我爹在耕地,把马匹驱赶,
鼓圆了肩膀,像一张满帆
撑挂在车辕和土垄之间,
马匹使劲拉,他嘴里呃呃喊。
是行家。他把挡泥板装好,
把尖尖的钢刃固定,它琤亮,
草皮翻过去不会碎掉。
到垄头,缰绳啪的一声响,
汗淋淋的马匹转过身来
回到地里,他一只眼睛
眯成一条缝,向土地斜窥,
估出土垄间行距,确又准。
在他钉靴后,我跌跌撞撞,
有时跌倒于光滑的草皮,
有时他让我骑在他背上,
随他的脚步忽上来,忽下去。
我极想长大成人去耕地.
闭上一只眼,使双臂吃劲。
我能做的却只是在田里
随着他宽阔的影子行进。
我是个废物,总是绊倒,
跌交,哇啦哇啦叫,但现在
却是爹在我后面跌交,
跟着我,硬是不肯走开。
My father worked with a horse-plough,
His shoulders globed like a full sail strung
Between the shafts and the furrow.
The horse strained at his clicking tongue.

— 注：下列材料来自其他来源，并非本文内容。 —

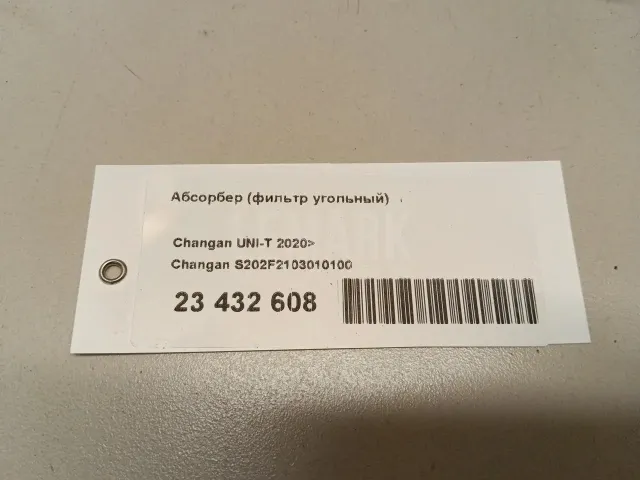 Абсорбер (фильтр угольный) для  Audi A2 [8Z0] 2000-2005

An expert. He would set the wing
And fit the bright steel-pointed sock.
The sod rolled over without breaking.
At the headrig, with a single pluck
Of reins, the sweating team turned round
And back into the land. His eye
Narrowed and angled at the ground,
Mapping the furrow exactly.
I stumbled in his hob-nailed wake,
Fell sometimes on the polished sod;
Sometimes he rode me on his back
Dipping and rising to his plod.
I wanted to grow up and plough,
To close one eye, stiffen my arm.
All I ever did was follow
In his broad shadow round the farm.
I was a nuisance, tripping, falling,
Yapping always. But today
It is my father who keeps stumbling
Behind me, and will not go away.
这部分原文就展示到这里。